Le monde de la médecine est un monde de certitudes, qui s’est particulièrement développé grâce aux multiples progrès réalisés au cours des dernières décennies. A cela s’ajoutent les exigences des mesures de certification qui peuvent laisser penser que toute situation est maitrisée et que ce monde du soin, aseptisé, technicisé, peut faire face à toutes les situations. Cette conception concerne autant les professionnels de santé que les patients et leur entourage. Elle fait partie intégrante des représentations engendrées par ce contexte technoscientifique et sociétal dont le fonctionnement laisse croire que l’incertitude n’y a guère de place et attribue souvent aux soignants une toute puissance qui ne correspond pas à la réalité.
En réalité, l’incertitude est partout présente, comme la crise sanitaire s’est chargée de nous le rappeler chaque jour. Notre maitrise n’est qu’apparente et à tout moment nos certitudes peuvent être mises à mal et mettre l’incertitude sur le devant de la scène. Mais l’incertitude présente aussi des aspects positifs, y compris dans les situations les plus difficiles, puisqu’elle peut être source d’espoir, d’adaptation et d’ouverture.
Définition
Pour le Larousse, l’incertitude est « ce qui ne peut être établi avec exactitude, qui laisse place au doute ».
Le Docteur Joël Ceccaldi (1) nous rappelle que le terme incertitude s’est formé au XVème siècle et peut s’entendre de 2 façons.
D’un point de vue objectif, l’incertitude est définie comme « l’état de ce qui est incertain », c’est à dire qui n’est pas fixé à l’avance, qui n’est pas assuré.
D’un point de vue subjectif, l’incertitude décrit l’état d’une personne qui doute et redoute, quelque chose qu’elle ne connait pas et qui peut l’inquiéter, la rendre anxieuse, voire angoissée.
Cette deuxième définition est à mettre en relation avec les comportements humains réactifs face à l’incertitude et qui peuvent osciller entre la mise en action et le renoncement. Ces réactions émotionnelles sont le plus souvent négatives, telles que la peur, l’anxiété, la colère au moins dans un premier temps. Dans un second temps, l’incertitude peut générer de l’espoir, voire une capacité à se réinventer, à créer, qui dépend à la fois de chacun et de la situation.

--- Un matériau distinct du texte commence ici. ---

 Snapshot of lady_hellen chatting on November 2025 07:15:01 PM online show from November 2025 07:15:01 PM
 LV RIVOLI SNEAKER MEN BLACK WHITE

Inégaux face à l’incertitude
L’incertitude, soit nous sommes en capacité de nous en accommoder, parfois même de la rechercher, soit elle paralyse l’action de l’individu qui la redoute. Ainsi, certains soignants préfèrent exercer dans des services où le rythme, les prises en soin ne sont jamais strictement identiques comme les services d’urgence ou le SAMU. L’incertitude y est en partie gérée par l’organisation, la rigueur des protocoles, mais les situations des patients varient constamment et apportent à ces professionnels un stimulus qui leur convient. D’autres préfèreront un rythme plus régulier, favorisant une organisation qui peut paraitre plus routinière aux premiers, mais qui permet de développer d’autres compétences.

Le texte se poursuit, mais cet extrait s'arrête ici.